Record extracts:
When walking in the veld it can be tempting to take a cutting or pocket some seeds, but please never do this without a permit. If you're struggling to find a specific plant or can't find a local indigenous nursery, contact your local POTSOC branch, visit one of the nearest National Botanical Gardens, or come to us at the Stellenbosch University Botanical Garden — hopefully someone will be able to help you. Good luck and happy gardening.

==

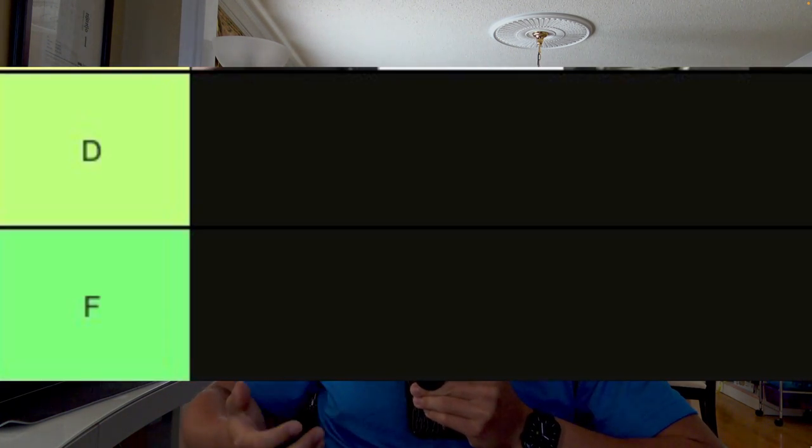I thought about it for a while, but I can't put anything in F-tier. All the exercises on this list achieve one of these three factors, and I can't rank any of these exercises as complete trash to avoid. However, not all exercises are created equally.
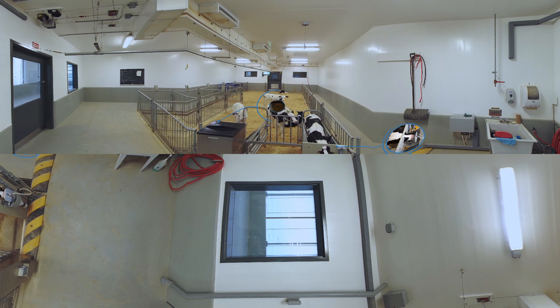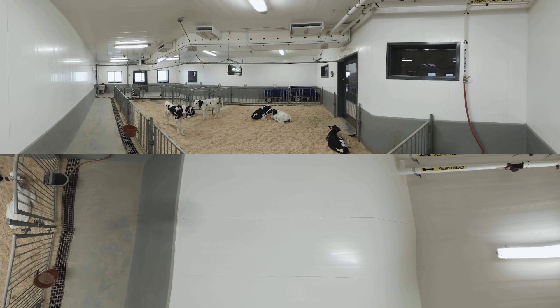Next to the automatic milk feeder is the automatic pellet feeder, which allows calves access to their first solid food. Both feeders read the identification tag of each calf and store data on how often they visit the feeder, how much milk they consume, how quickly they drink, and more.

---

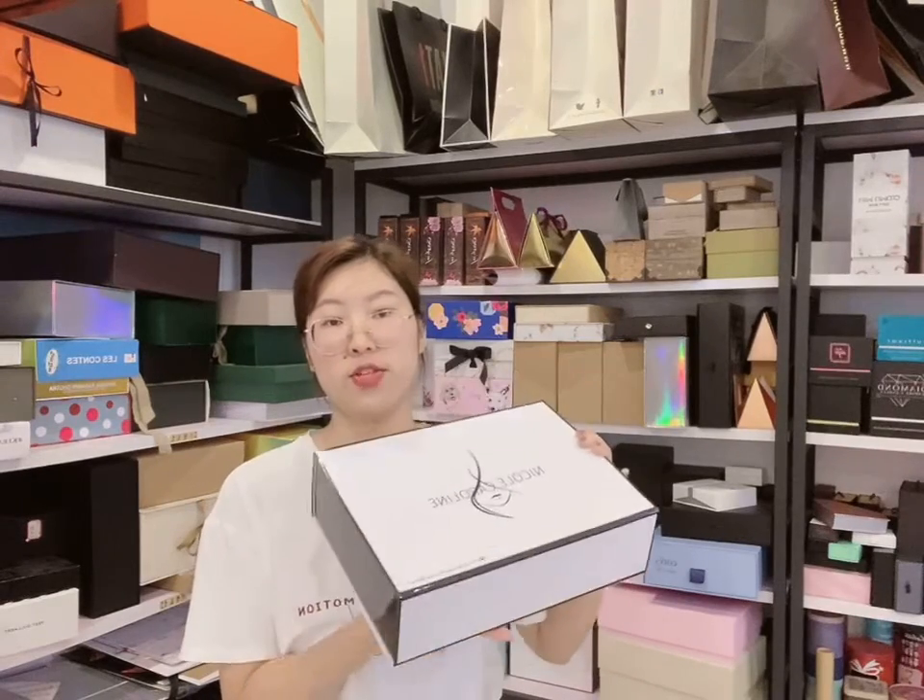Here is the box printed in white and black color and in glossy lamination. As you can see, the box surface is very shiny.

Your instructions: A clean copy is needed of the lines above from the one with "I thought about" up to and including the one with "Next to the". Please set it down exactly, with no pictures.

Output of the exercise:
I thought about it for a while, but I can't put anything in F-tier. All the exercises on this list achieve one of these three factors, and I can't rank any of these exercises as complete trash to avoid. However, not all exercises are created equally.
Next to the automatic milk feeder is the automatic pellet feeder, which allows calves access to their first solid food. Both feeders read the identification tag of each calf and store data on how often they visit the feeder, how much milk they consume, how quickly they drink, and more.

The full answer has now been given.